Notes:
- It would be good if you could share a usable data for questions like this (e.g. via using
dput
). I've included this in my answer.
- I'm including code that tries to simulate your particular use-case by using the
randomNames
package to help generate a data frame with 30000 ID
s and random names
- Though you haven't explicitly stated this, I deduce from the code provided that you'd prefer a base-r solution. That would definitely not be my preference, but I've tried to hack together a base r solution that which, while perhaps not being particularly elegant, should at least contain all of the pieces that you'd need to tailor your own solution.

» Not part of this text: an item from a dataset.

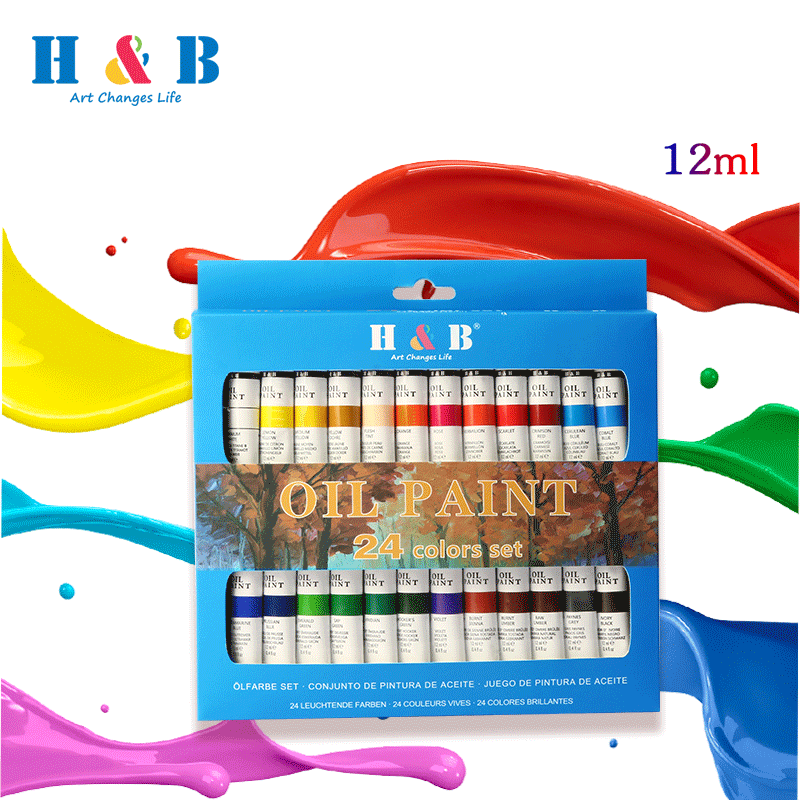 Set di colori a olio professionali H&B - 24 colori vivaci in tubetti di alluminio per artisti e pittori (12 g/tubetto, qualità premium)_voghion.com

- I also provide a tidyverse solution which would be my preference (and in case others may find it useful)
-
NB: Neither of these approaches are particularly performant as the data grows (I haven't benchmarked either against your loop, but I'd be surprised if they were markedly faster). Having pretty much zero familiarity with the sodium package, I think this is mainly because you generate a unique nonce for every row of your data, effectively forcing sodium's vectorised
data_encrypt
function to operate like a non-vecorised function. It is not immediately clear to me why one would want to do this.
Data:
# create data
df <- structure(
list(
ID = c(1, 2, 3, 4, 5),
Name = c("John", "Peter", "Mark", "Joe", "Tim"),
Attr = c("A1", "A1", "A2", "A2", "A3")
),
row.names = c(NA, -5L),
class = c("tbl_df", "tbl", "data.frame")
)
# create "large", "simulated" data frame to replicate user's use-case
df_large <- data.frame(
ID = 1:30000,
Name = randomNames::randomNames(30000, which.names = 'first')
)
# create encryption key (that works with sodium functions)
key <- sha256(charToRaw("somespecialkey"))
Base R approach:
# function to encrypt vector on inputs with a given key and return a data frame
# with a column for the resultant encrypted input and nonce values
encrypt_vector <- function(input, key) {
list_output <- lapply(input, function(x) {
# 1. Generate a singular nonce for each row of data.
rnonce <- random(24)
# 2. Encrypt name column of df
serializedName <- serialize(x, NULL)
cipher <- data_encrypt(serializedName, key, rnonce)
# 3. Store the encrypted name, class and nonce
list(name = bin2hex(cipher), nonce = bin2hex(rnonce))
})
data.frame(do.call(rbind, list_output))
}
# apply to small data
x <- encrypt_vector(df$Name, key)
df$Name <- x$name
df$nonce <- x$nonce
# apply to large data (slow)
x <- encrypt_vector(df_large$Name, key)
df_large$Name <- x$name
df_large$nonce <- x$nonce
Tidyverse approach:
# function to encrypt vector on inputs with a given key and return a data frame
# with a column for the resultant encrypted input and nonce values
encrypt_vector <- function(input, key) {
list_output <- map(input, function(x) {
# 1. Generate a singular nonce for each row of data.
rnonce <- random(24)
# 2. Encrypt name column of df
serializedName <- serialize(x, NULL)
cipher <- data_encrypt(serializedName, key, rnonce)
# 3. Store the encrypted name, class and nonce
tibble(name = bin2hex(cipher), nonce = bin2hex(rnonce))
})
}
# apply to small data
df <- df %>%
mutate(encryption = encrypt_vector(Name, key)) %>%
select(-Name) %>%
unnest() %>%
rename(Name = name)
# apply to large data
df_large <- df_large %>%
mutate(encryption = encrypt_vector(Name, key)) %>%
select(-Name) %>%
unnest() %>%
rename(Name = name)